AVUSTURYA BURS VERDİ
Avusturya hükümetinden burs kazanıyor ve bu bursla çeşitli konserler hazırlıyor. 2008 yılında hayatının en önemli deneyimi olarak anlattığı, dünyanın her yerinden sadece 15 kişinin çağırıldığı, dünyaca ünlü Bobby McFerrin ile birlikte Instant Opera New York’a katılıyor. Farklı kültür ve tarzlarla tanışıyor ve ilk defa orada hiçbir şeyin sınırı olmadığını keşfediyor.
ENSTRÜMANIM SESİM
Bir grubu yok. Ama senede bir kez buluşup konser verdiği, ÇARK adında bir ekibin içinde. Geçen Mart ayında 10 parçalık bir albüm çıkarmışlar. ÇARK ekibi olarak özgür doğaçlama yapıyorlar. Hatta konsere prova yapmadan çıkıyorlar. “Kendiliğinden gelişiyor konser. Adı üstünde özgür doğaçlama” diyor. Üç kişiler. Beatboxçı Adam Matta, perdesiz gitarist Cenk Erdoğan ve bir de kendi. Bu ekipte sen hangi enstrümanı kullanıyorsun, diye soruyorum. “Benim enstrümanım sesim” diyor ve gülüşüyoruz. Enstrümanım dediği sesi için, her gün nefes çalışıyor, spor yapıyor, sigara kullanmıyor, az konuşuyor. “Biz şarkıcılar sesimiz söz konusu olunca, pimpirikliyiz. Sesi için yumurta içen de var, benim gibi bitki çayı içen de” diye anlatıyor.
DİBİNE VURUYORUM
Duygusal dünyan nasıl diye soruyorum. “Benim hayatımda düz bir çizgi yok. Şu an gülüp yarım saat sonra ağlayabilirim. Dibine vuruyorum. Ya çok sosyalim ya çok yalnız” diye cevaplıyor. “Peki, konser zamanı nasılsın?” diye soruyorum ve aldığım cevap beni şaşkına çeviriyor: “Utangacım.
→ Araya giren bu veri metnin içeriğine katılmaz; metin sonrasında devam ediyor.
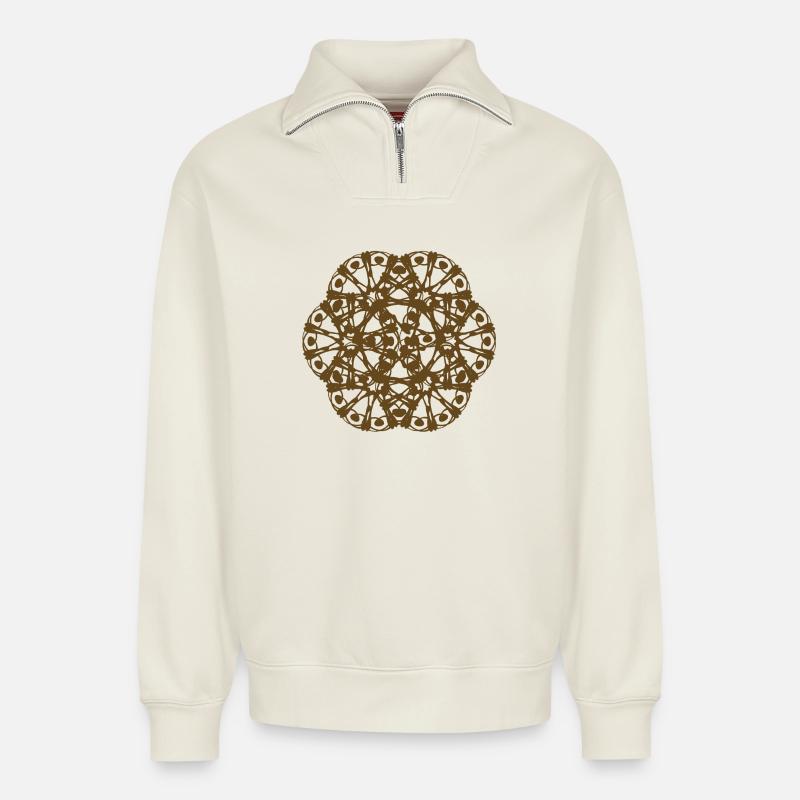 Random pattern RAD rotated - Relaxed Unisex Organic Half Zip Sweatshirt – by SPREAD - off white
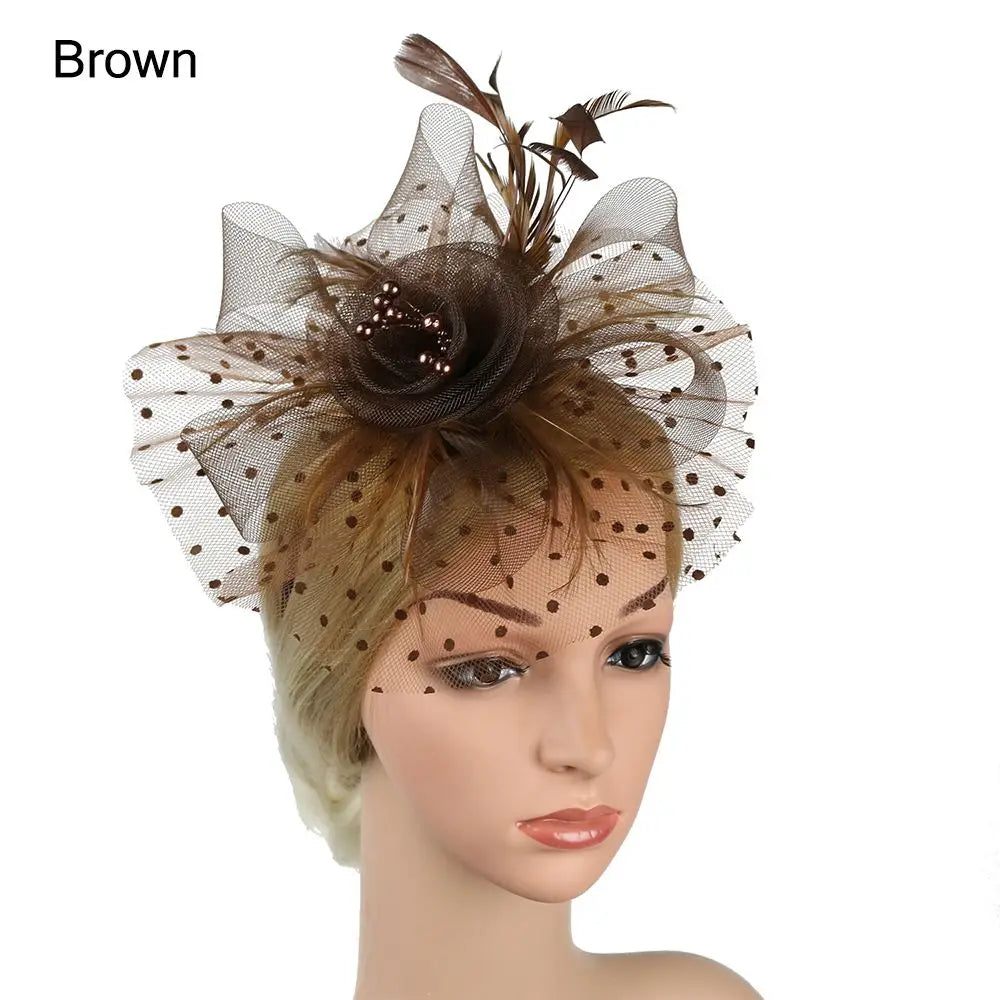 Bride Headwear hat Veil Wedding Hair Accessories Flowers Feather Mesh Veil Face Cover Multi Colors Korea Japan Black White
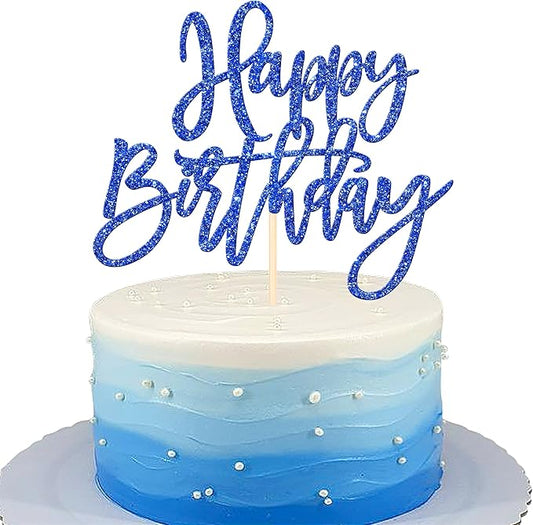 ZHUOWEISM 1 PCS Glitter Happy Birthday Cake Topper for Celebrating Anniversary Theme Party Cake Decorations Supplies Dark Blue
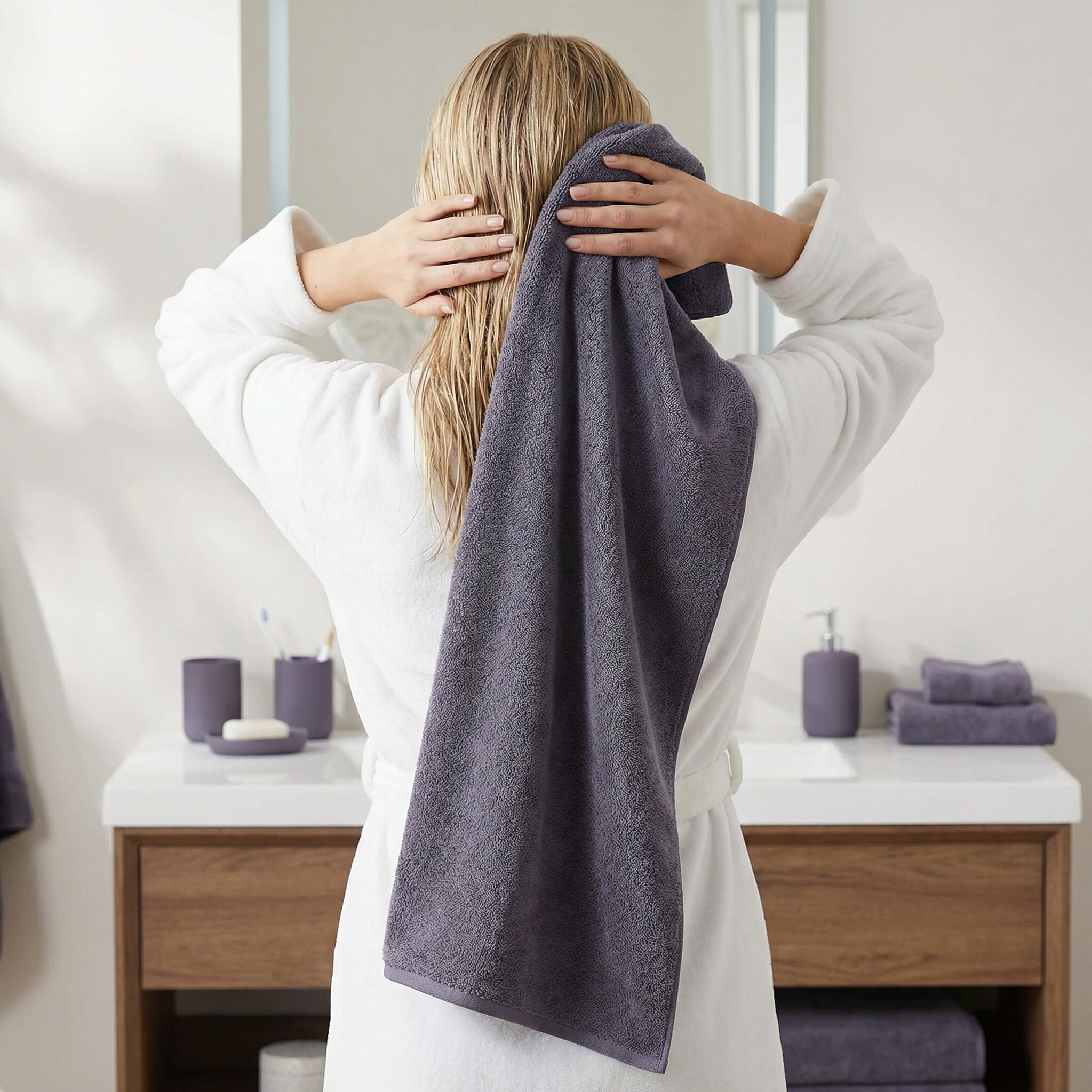 GALPADA 12 Stück Hochsaugfähiges Korallenfleece Haartuch mit Schneller Wasseraufnahme und Vielseitiger Nutzung für Rasur und Fitnessstudio Extra Lang und Weich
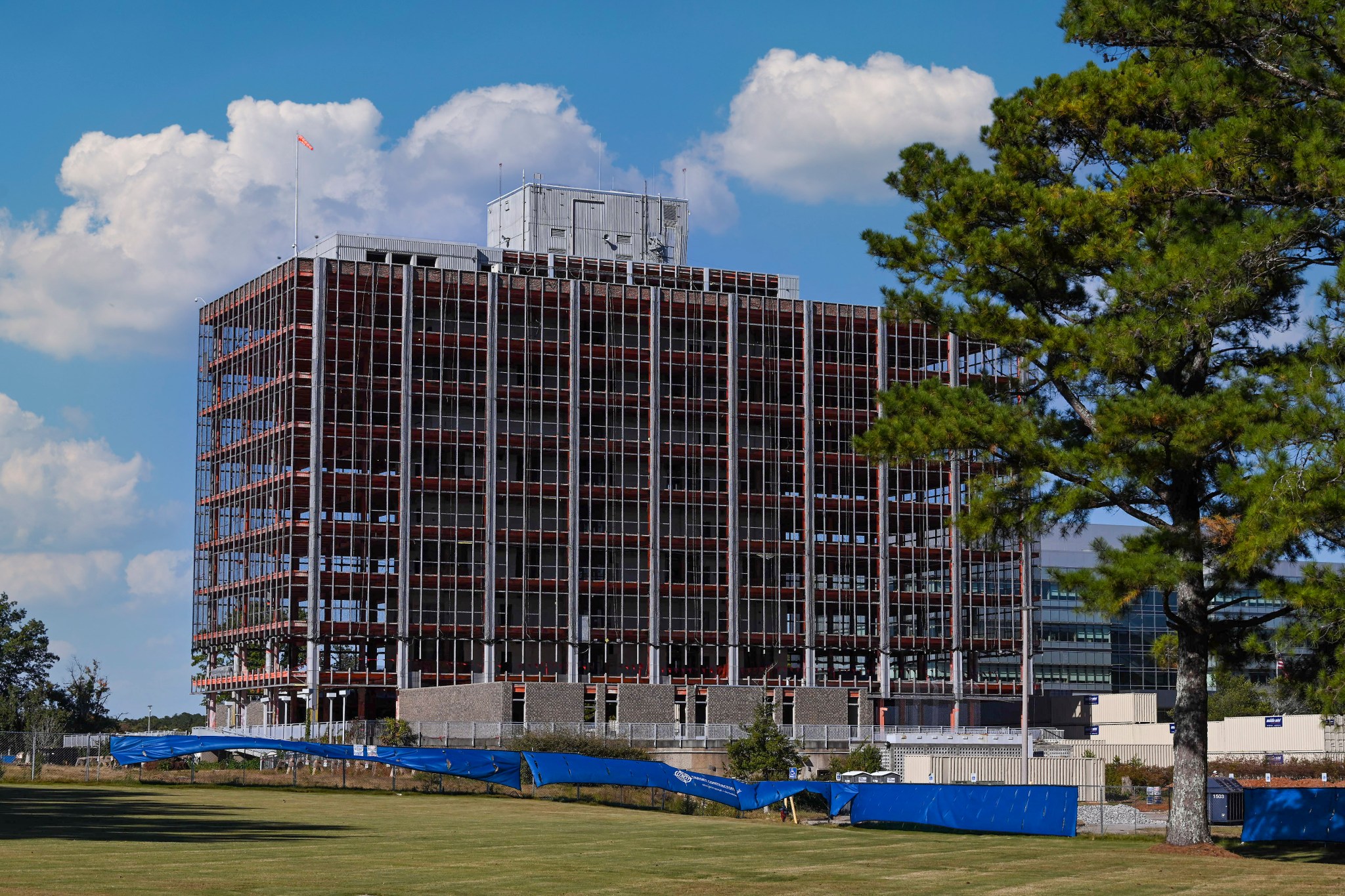 Marshall contractors continue preparations for the scheduled demolition of Building 4200 by controlled implosion on Oct. 29. 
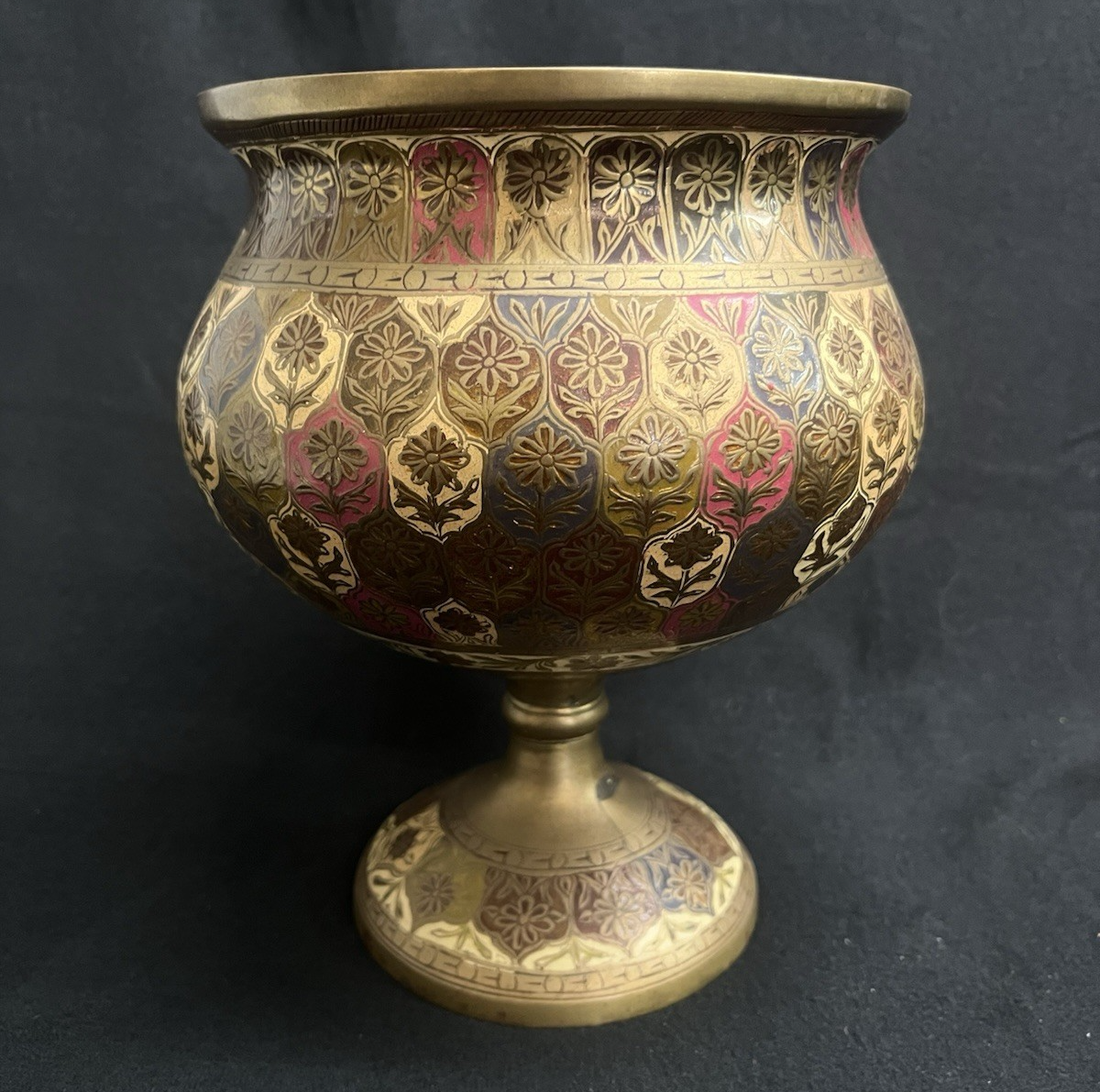 PB19 Pair of Indian Moorish Spun Brass Cloisonne Enamel Pedestal Planters 8.25"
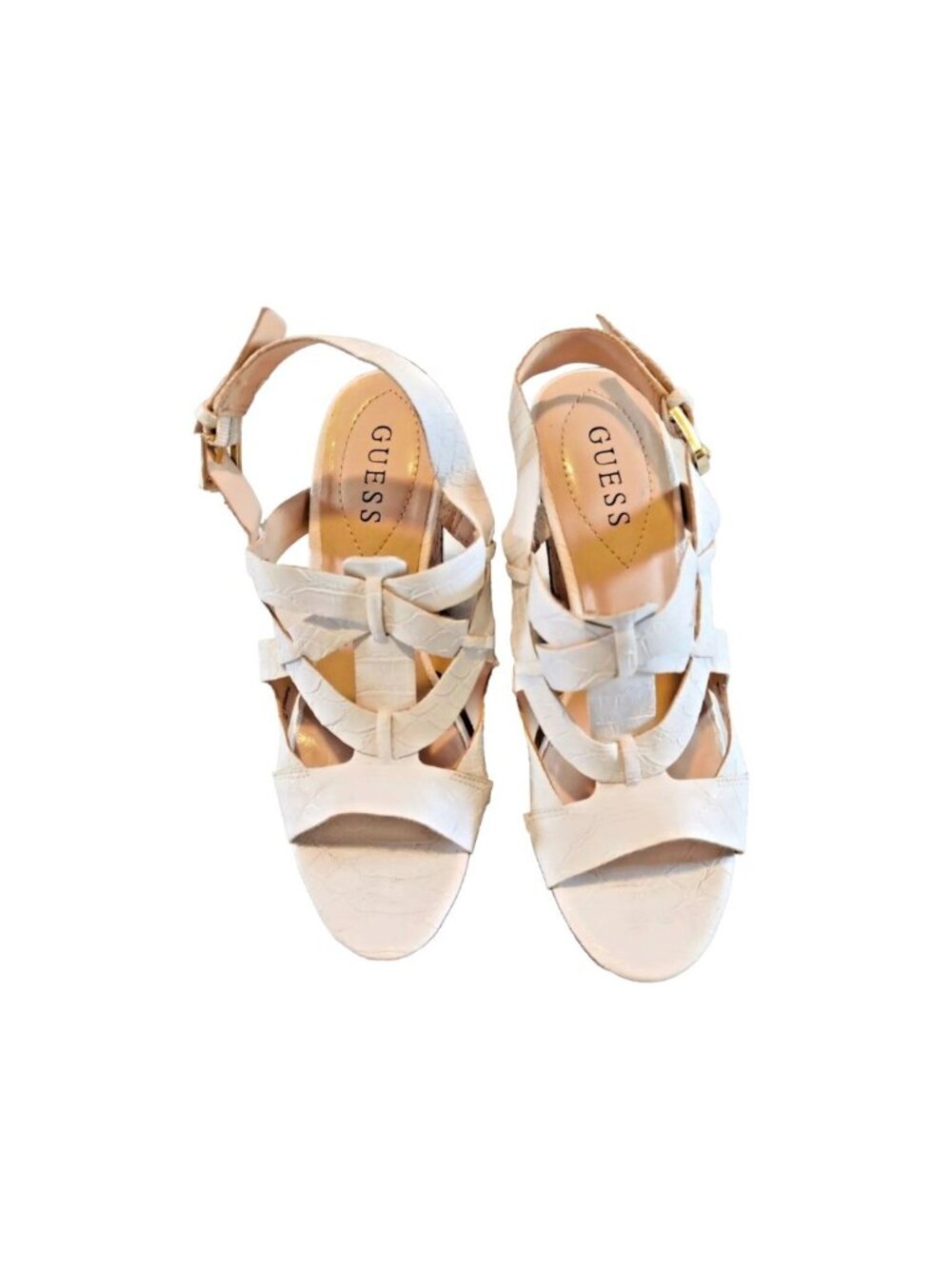 Guess Harlea Womens Wedge Sandals Size 10 White Snakeskin Embossed Cork Platform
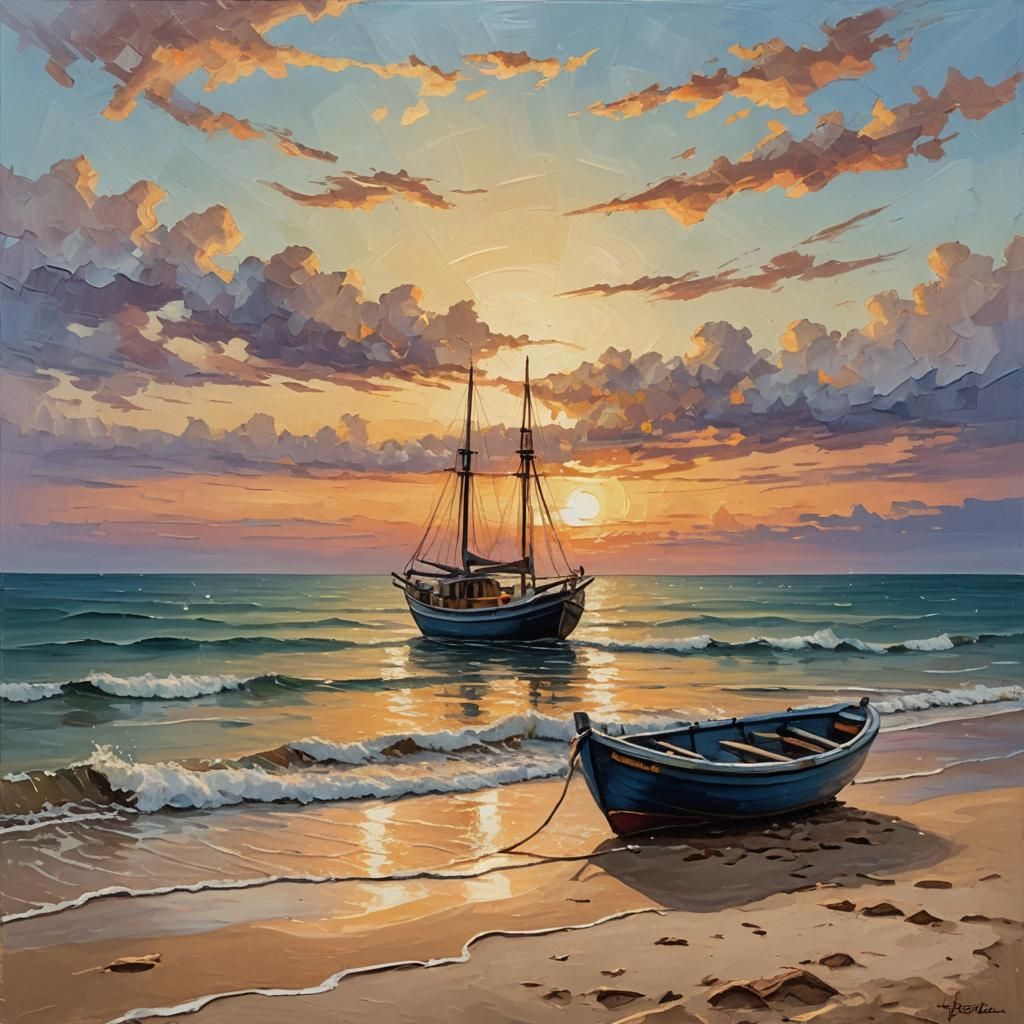 Serene Sunset on Calm Sea with Moored Cutter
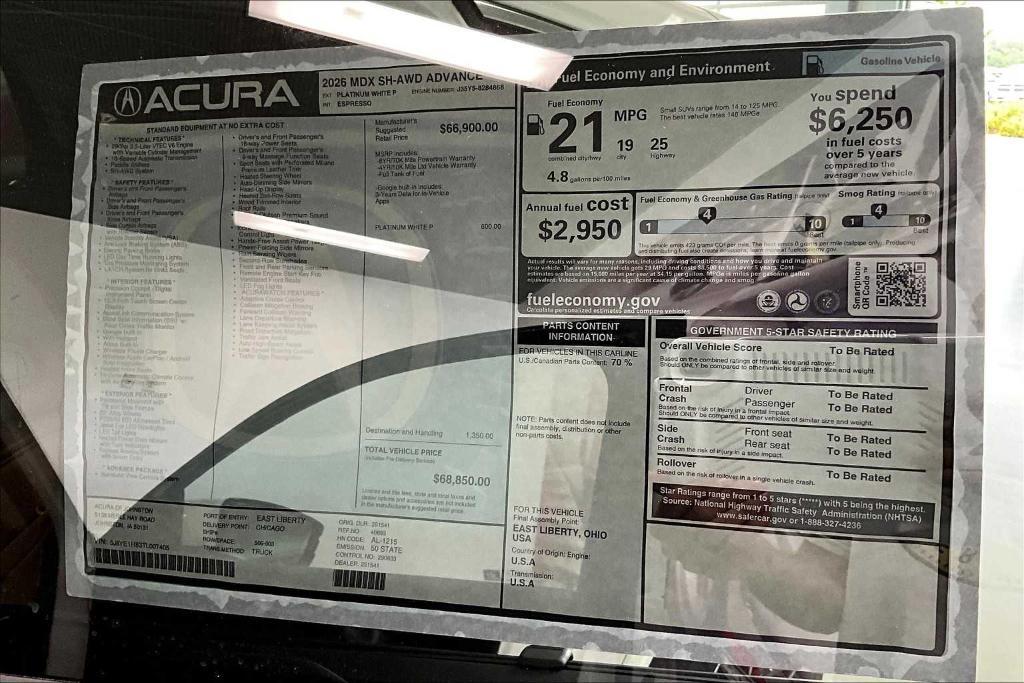 new 2026 Acura MDX car, priced at $68,850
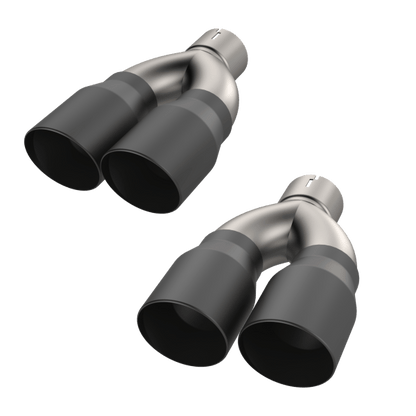 QTP Black Quad Exhaust Tips 2015 - 2023 Challenger 5.7L - Speedlogix
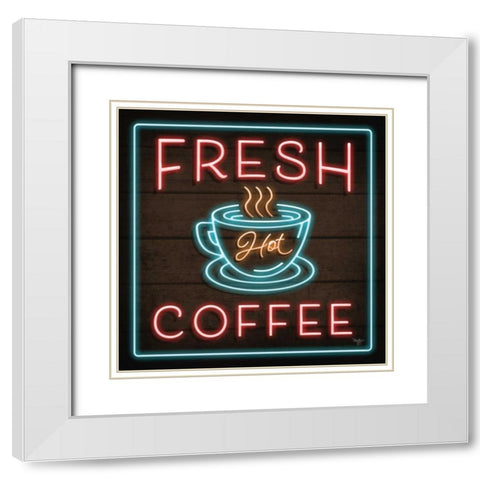 Neon Fresh Coffee White Modern Wood Framed Art Print with Double Matting by Mollie B.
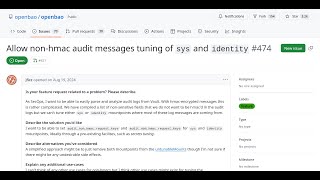 Tune non-HMAC parameters on sys/ - OpenBao Live Coding with Alex (cipherboy) and Jakub (jficz)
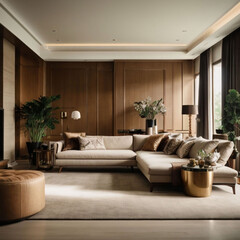 Modern bright interior, home, decor, light, plant, window, apartment. Generative AI
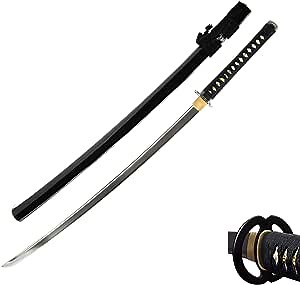 HMS Japanese Samurai Katana Sword, Musashi Tsuba, Hand Forged, Sharp 1095 Carbon Steel Blade, Black Scabbard, Sharp, Battle Ready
Onun için gözlerim kapalı şarkılarımı söylüyorum. O zaman kendi içime dönüyorum.” Şaşırdığımı fark etmiş olacak ki, devam ediyor: “Zaten insanlara bir duyguyu vermek istiyorsam, önce kendimde hissetmeliyim ki, gerçek olabileyim.”
ALBÜM KAYDI OCAK’TA
Nihan, sözleri ve müzikleri kendine ait bir albüm hazırlığında. Bu albümü de deneysel bir çalışma olarak adlandırıyor. “Müzikleri de sesimle oluşturacağım. Albümde tek enstrüman sesim olacak” diyor. Ocak ayında İstanbul’da kayda girecek ve albüm Almanya’da piyasaya çıkacak. İngilizce, Türkçe, kimi zaman sözsüz bir albüm olacağını söylüyor. “Neden Türkiye değil de Almanya’da piyasaya çıkacak?” diye soruyorum. Cevabı: “Ben burada yaşıyorum ve burası daha evrensel.”
“Hiç mi bir yere ya da gruba bağlı olmayı düşünmedin?” diye soruyorum. “Ailede herkes ticaretle uğraşıyor. Oradan gelme sanırım” diyor. “Ne alaka?” oluyorum. “Ticaret cesaret işi. Opera eğitimi alan bir sürü kişi tiyatroya girmeye çalışır. Ama ben bir yere bağlı olmamalıyım. Farklı müzisyenlerle farklı tarzlarda çalışıyorum. Benimkisi aileden gelme cesaret işte.” Önümüzdeki günlerde Amerika’da konserleri var. Sonra rüzgar nereye götürürse, oraya. Müziğe aşık, kendinden emin, doğal bir kadın Nihan. İlla şarkı söylemesine gerek yok, sesi konuşurken de büyülüyor insanı. Son olarak “Hayalin ne peki?” diye soruyorum ve bu sefer aldığım cevaba şaşırmıyorum. “Dünyaya sesimi duyurmak istiyorum.”